Pillar 2: A Low-Impact Transportation System

A sustainable community should provide as many alternatives to the automobile as possible, including planning for convenient transit service, and supporting shared-car opportunities to reduce the need for single-person auto use. Parking strategies should gradually reduce car use and ownership, and parking design should minimize landscape disruption.

A sustainable community should also prioritize pedestrian and cyclist modes of mobility by linking all areas with a fine-grained network of paths, and by designing local streets to support all ways of getting around, rather than emphasizing vehicular needs.
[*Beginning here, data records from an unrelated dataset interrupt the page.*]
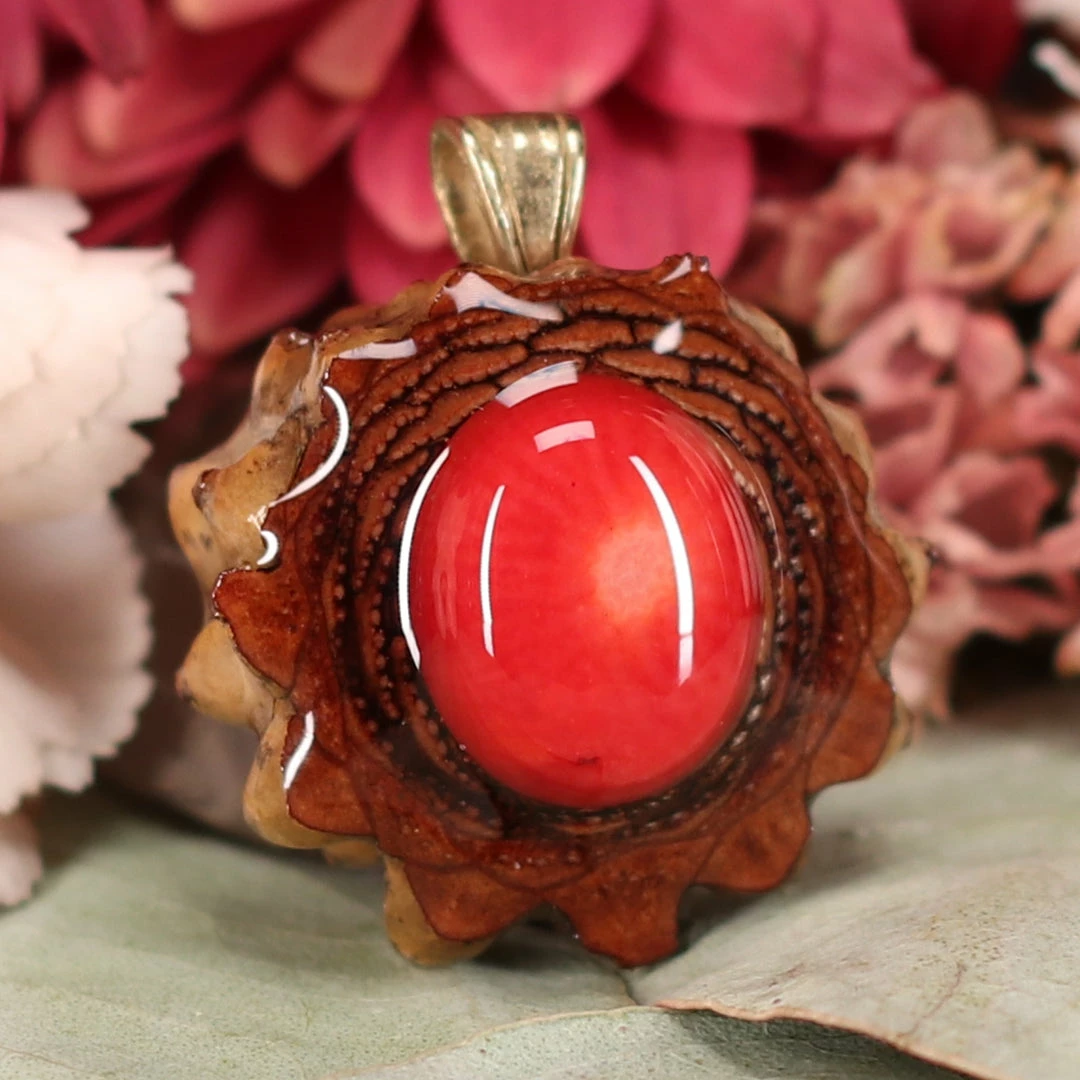 TEP Red Coral Pendants 5 TEP Red Coral Pendants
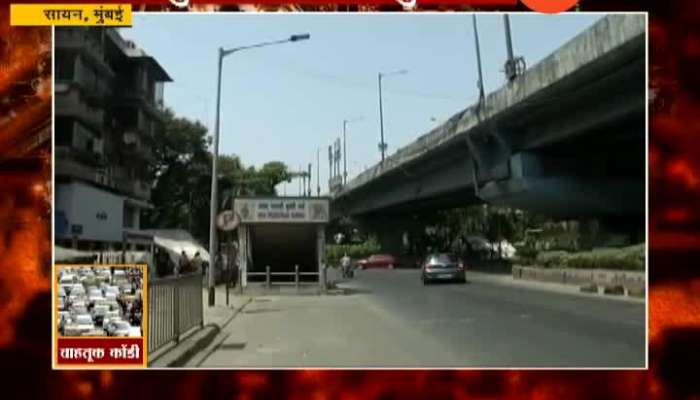 Mumbai Sion Bridge Repair Work Crate Heavy Traffic Jam In City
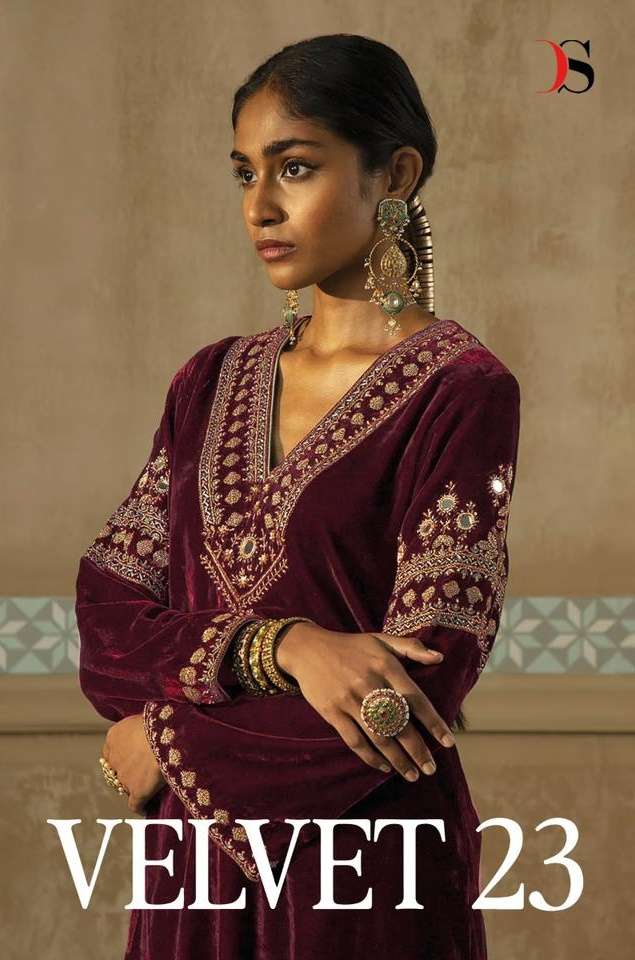 Deepsy Suits Velvet 23 Velvet With Embroidery work Pakistani...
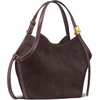 image:imagekate spade new york Deco Pleated Small Tulip Tote BagHot Fudge Suede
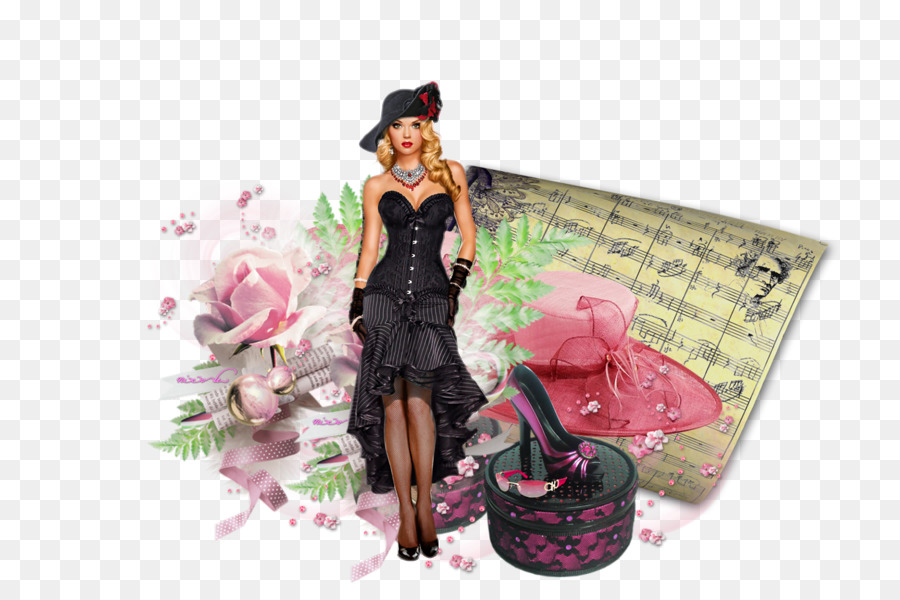 Rose M，Figurine PNG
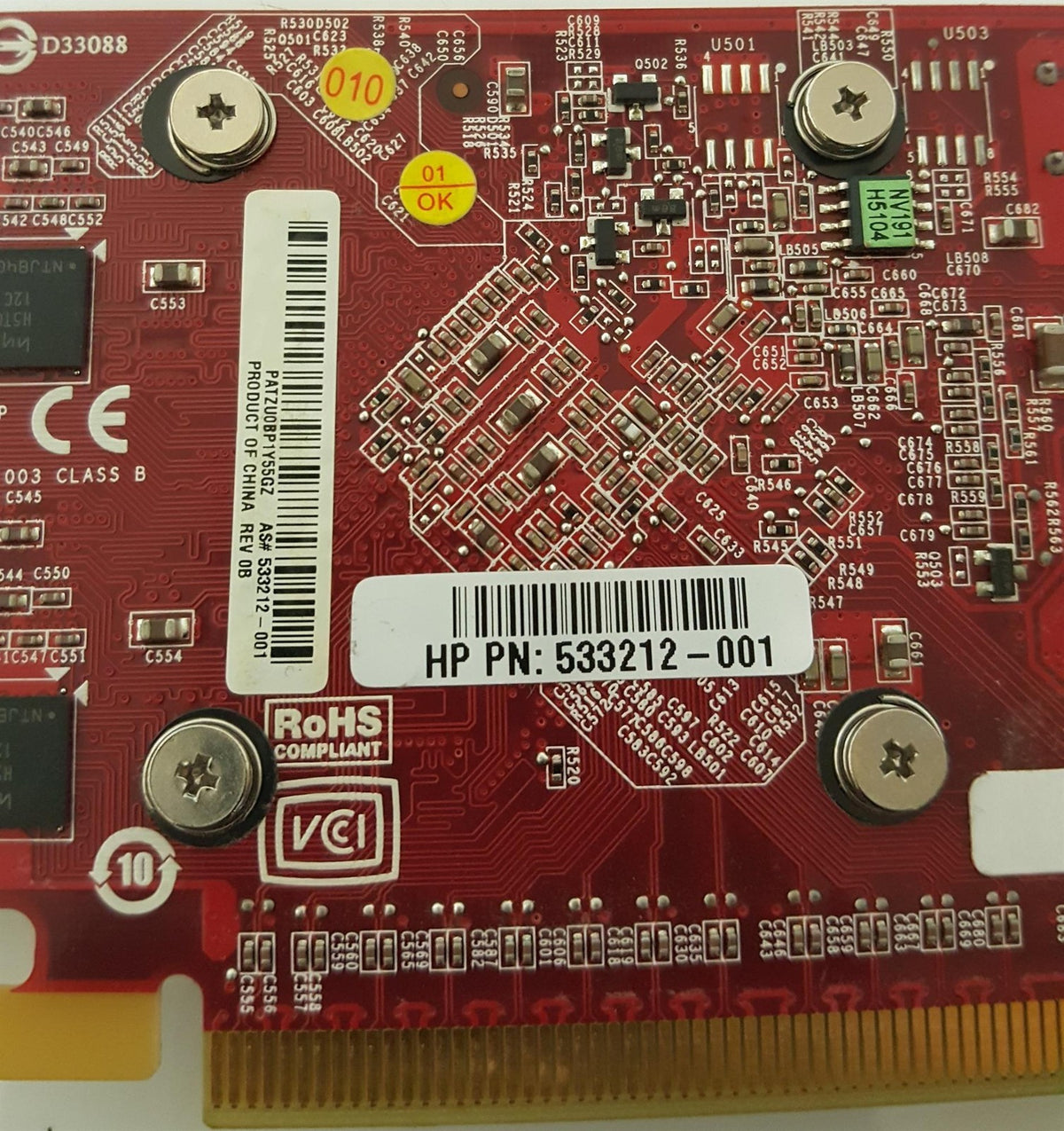 NVIDIA GeForce GT 220 1GB DDR3 PCIe Video Graphics Card 533212-001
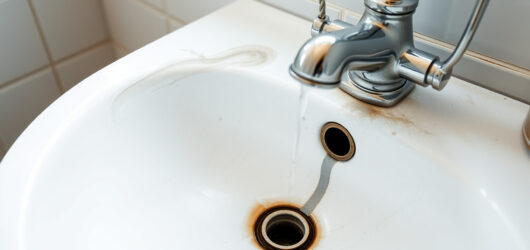 Why Does My Water Leave Gray Stains on Fixtures?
Streets should also address other environmental and social objectives such as stormwater management, trees and bird habitat, urban agriculture, and playground areas. 

Research has shown density to be critical in shifting transportation away from the automobile to other modes of travel. With 30 to 60 percent of climate-changing emissions coming from transportation, this is critical. The emerging most influential neighborhood planning tool, the U.S. Green Building Council's (USGBC) LEED for Neighborhoods (ND), notes that a minimum of seven dwelling units per acre is required to support one bus every 30 minutes. Significantly increasing ridership requires transit frequency of around ten to 15 minutes, which in turn requires urban densities of 20 to 40 units per acre on average within a few blocks on either side of any key transit line. Highly convenient rapid transit requires even more units per acre to be viable. 

Pillar 3: Green Buildings

Buildings stand for 50 to 100 years, often with relatively few modifications, and their design significantly influences the impact their occupants have on the planet as they go about their daily lives. A sustainable community should be filled with green structures, which are typically promoted through green design regulations or guidelines or through green building rating systems such as the USGBC's/CaGBC's LEED system.  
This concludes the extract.